The Road from Brasov to Budapest

Rolling country side in Romania
Hungarian style homes

More Hungarian style homes


Walled church




Romania is not known for its infrastructure. The roads are ghastly and the trains ancient. The train trip from Braşov to Budapest, Hungary was 12 hours long. While in Romania only once were we going faster than the cars on the road beside us. But we did get to see more countryside and several walled churches. Why, you might ask, would a church have a defensive wall? When the Turks were coming through this part of the world the people would hide out behind a wall to escape them. It was much easier to build a wall around a church than around a whole town and so – walled churches! The closer we got to Hungary the more the villages started to spread out. In Romania the Saxon villages were built with each house abutting the ones on either side of it. The Hungarian style villages had stand-alone single family dwellings.

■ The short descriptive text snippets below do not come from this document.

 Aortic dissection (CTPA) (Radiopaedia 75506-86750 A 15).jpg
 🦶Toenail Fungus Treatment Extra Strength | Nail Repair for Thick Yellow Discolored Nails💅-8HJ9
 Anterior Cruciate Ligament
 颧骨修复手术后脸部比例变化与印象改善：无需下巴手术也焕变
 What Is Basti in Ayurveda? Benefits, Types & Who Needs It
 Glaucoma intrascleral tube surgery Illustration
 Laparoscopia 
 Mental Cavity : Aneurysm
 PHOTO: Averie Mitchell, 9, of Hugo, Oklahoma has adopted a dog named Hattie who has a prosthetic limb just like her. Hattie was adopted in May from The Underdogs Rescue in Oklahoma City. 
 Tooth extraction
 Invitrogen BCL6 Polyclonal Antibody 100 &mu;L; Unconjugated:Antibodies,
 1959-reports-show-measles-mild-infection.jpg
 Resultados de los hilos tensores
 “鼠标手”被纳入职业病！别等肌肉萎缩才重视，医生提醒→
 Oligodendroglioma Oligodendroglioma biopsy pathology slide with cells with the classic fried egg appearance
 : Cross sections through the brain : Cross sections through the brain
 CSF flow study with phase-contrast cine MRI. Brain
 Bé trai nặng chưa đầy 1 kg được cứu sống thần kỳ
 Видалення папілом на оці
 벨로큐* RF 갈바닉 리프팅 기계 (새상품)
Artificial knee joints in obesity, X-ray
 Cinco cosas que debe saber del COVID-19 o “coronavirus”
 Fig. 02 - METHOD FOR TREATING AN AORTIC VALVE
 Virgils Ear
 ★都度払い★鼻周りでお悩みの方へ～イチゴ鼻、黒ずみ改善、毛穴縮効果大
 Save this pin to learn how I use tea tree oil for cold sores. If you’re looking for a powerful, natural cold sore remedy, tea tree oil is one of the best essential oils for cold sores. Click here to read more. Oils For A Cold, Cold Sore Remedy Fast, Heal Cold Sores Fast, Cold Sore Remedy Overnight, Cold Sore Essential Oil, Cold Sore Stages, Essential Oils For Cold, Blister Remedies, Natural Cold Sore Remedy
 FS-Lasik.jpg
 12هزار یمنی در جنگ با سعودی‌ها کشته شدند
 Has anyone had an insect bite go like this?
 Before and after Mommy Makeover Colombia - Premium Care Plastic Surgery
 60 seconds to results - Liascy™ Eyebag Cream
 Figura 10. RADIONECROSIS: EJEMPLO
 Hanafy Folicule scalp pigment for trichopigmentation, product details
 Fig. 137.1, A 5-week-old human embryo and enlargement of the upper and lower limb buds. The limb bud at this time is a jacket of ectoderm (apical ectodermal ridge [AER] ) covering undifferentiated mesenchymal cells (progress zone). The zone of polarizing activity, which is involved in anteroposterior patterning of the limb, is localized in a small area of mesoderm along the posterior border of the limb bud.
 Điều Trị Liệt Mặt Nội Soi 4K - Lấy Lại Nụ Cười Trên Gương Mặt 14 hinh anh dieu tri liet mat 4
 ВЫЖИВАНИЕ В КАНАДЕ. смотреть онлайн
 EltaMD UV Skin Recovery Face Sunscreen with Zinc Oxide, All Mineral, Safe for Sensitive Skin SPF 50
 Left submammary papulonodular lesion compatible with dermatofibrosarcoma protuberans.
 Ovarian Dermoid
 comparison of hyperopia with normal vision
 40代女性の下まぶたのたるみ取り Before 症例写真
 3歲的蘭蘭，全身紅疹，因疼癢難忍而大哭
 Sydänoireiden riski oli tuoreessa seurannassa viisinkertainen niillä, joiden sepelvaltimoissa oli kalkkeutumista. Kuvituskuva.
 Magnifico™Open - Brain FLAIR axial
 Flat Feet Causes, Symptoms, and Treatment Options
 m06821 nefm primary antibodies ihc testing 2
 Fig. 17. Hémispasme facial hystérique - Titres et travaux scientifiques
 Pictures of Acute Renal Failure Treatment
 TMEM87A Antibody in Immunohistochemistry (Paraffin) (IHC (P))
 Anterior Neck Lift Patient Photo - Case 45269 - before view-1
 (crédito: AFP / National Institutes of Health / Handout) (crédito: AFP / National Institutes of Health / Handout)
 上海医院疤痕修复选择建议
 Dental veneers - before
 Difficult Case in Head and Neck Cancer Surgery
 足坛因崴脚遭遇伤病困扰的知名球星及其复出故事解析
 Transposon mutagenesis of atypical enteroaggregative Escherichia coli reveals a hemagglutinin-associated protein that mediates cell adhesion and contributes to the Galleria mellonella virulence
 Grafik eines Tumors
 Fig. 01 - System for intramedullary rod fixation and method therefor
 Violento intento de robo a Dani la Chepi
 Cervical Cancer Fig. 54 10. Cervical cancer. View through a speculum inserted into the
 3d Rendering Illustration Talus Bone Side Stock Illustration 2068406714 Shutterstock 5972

We also got to see a lot more of the trail of communism. During communism many people were forced out of their farm villages and into cities and towns to work in factories. That the factories made nothing of real value was irrelevant. The point was to become industrialized. When communism fell the factories stopped producing and fell into disrepair. They were scavenged for anything of value (fittings, metal, whatever)and now sit as skeletons on the landscape. The people were moved from their homes into hastily thrown up apartment buildings. Most of these apartments are still occupied although, looking at them, you can’t imagine why or how. Now, even 20 years later, the ownership of much of the land is in dispute. Does it belong to who it was taken from? Or who worked it for those years? And so much of the country lies fallow and the people are suffering. This last economic downturn hasn’t done them any good either. The political leaders were trained under the communists and their way of operating is me and mine first and the devil take the hindmost. So they pull whatever they can out of the system for as long as they can and leave the people to fend for themselves – after paying their taxes, of course.

It has been raining a lot here, more than usual and, I would guess, more than even Seattle. The rivers are all very high and as we got to the plains in Hungary much of the land is under water. That did mean that we got to see cranes and storks however. The further west we got the more wild flowers were along the tracks. Many of the flowers here are the same as at home: the wild roses, red poppies (think Veteran’s Day poppies), the wild strawberries. But many of them are almost the same: the buttercups have the same flower but slightly different leaves, the nettles have white as well as lavender flowers and are shorter, the wild geraniums have a smaller dark purple flower. There are also a lot of wild flowers that I didn’t recognize at all.